[[ Material for this task, beginning ]]

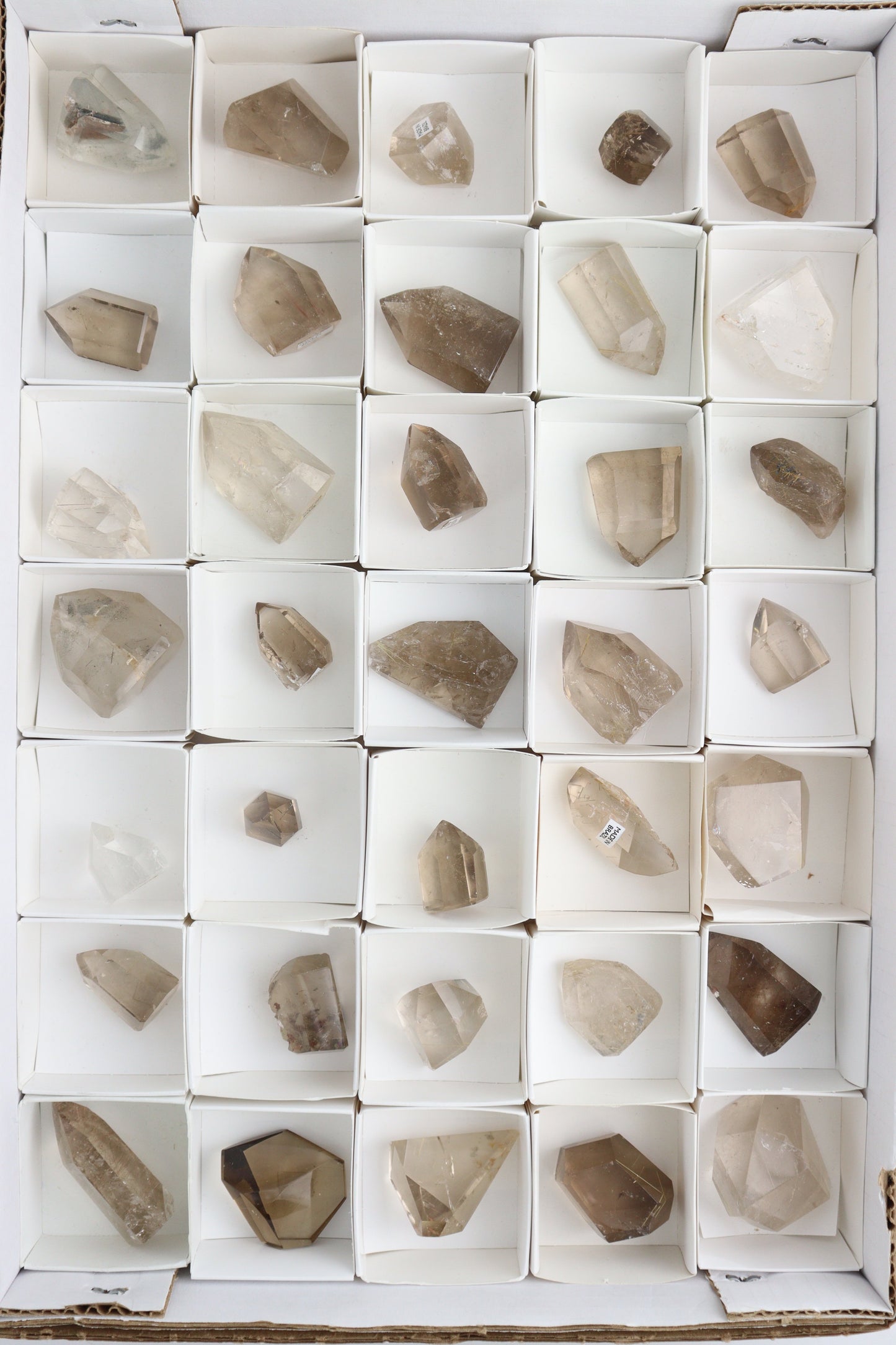 Smoky Quartz Freeforms - Expert Supplier of Wholesale Crystals & Bulk Gemstones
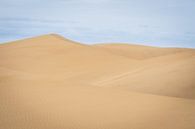 Sand dunes in Gran Canaria by Tim Rensing thumbnail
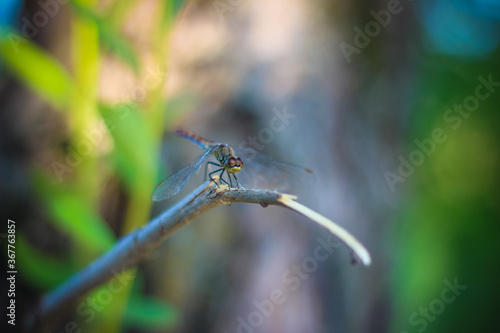 dragonfly basking on a broken branch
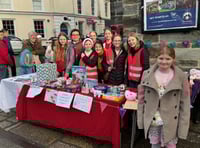 Tavistock Lions Club young ambassadors get stuck into community role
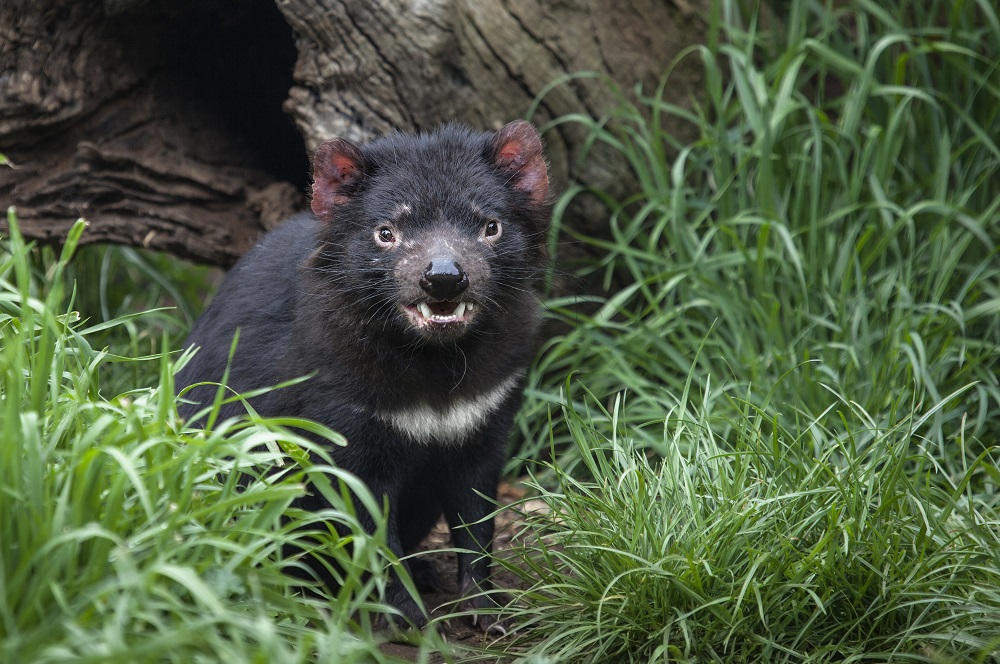 unusual australian animals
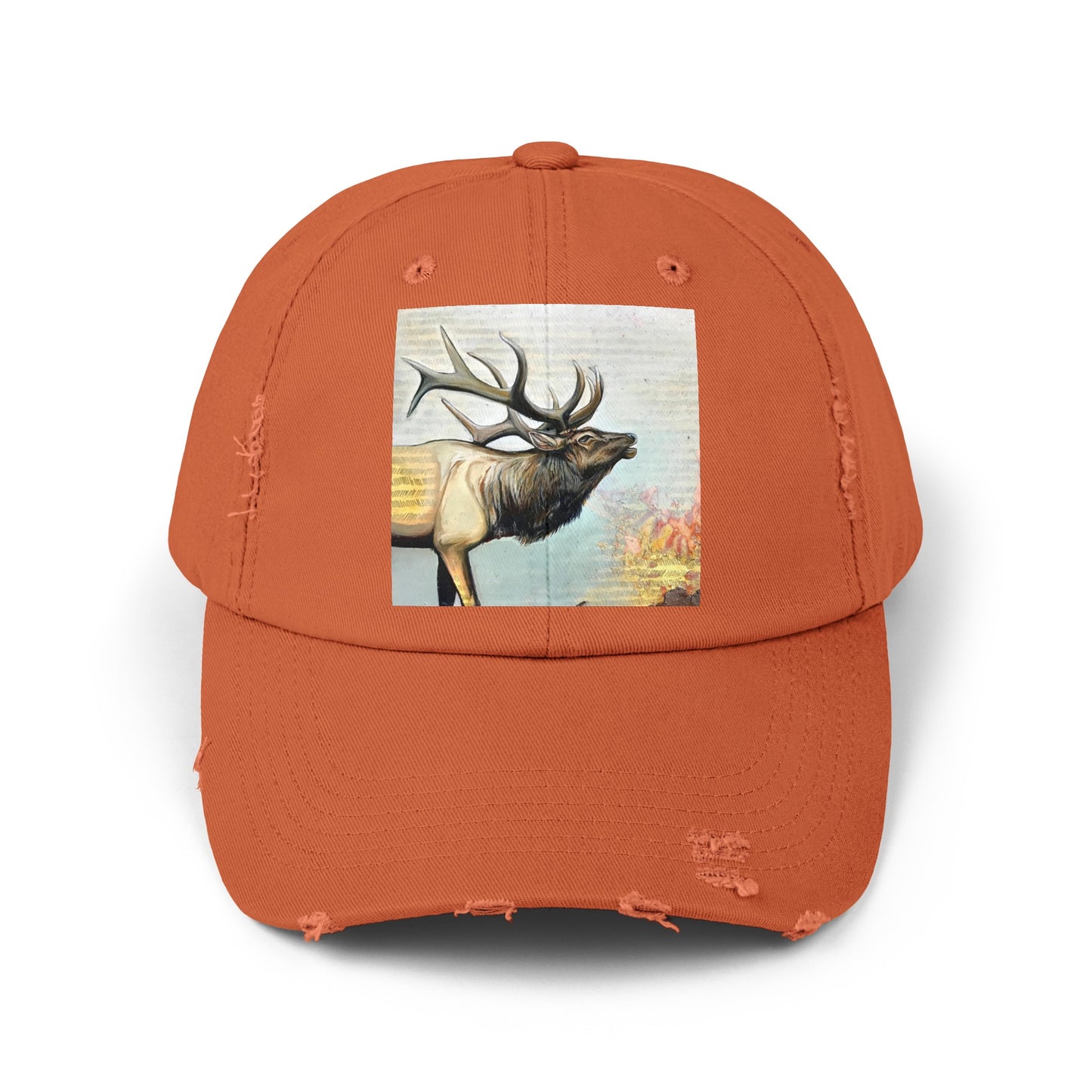 Unisex Distressed Cap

[[ Material for this task, end ]]

Task objective: Print all of the data exactly, and do not carry over any pictures.

Written response:
 Smoky Quartz Freeforms - Expert Supplier of Wholesale Crystals & Bulk Gemstones
 Sand dunes in Gran Canaria by Tim Rensing thumbnail
 dragonfly basking on a broken branch
 Tavistock Lions Club young ambassadors get stuck into community role
 unusual australian animals
 Unisex Distressed Cap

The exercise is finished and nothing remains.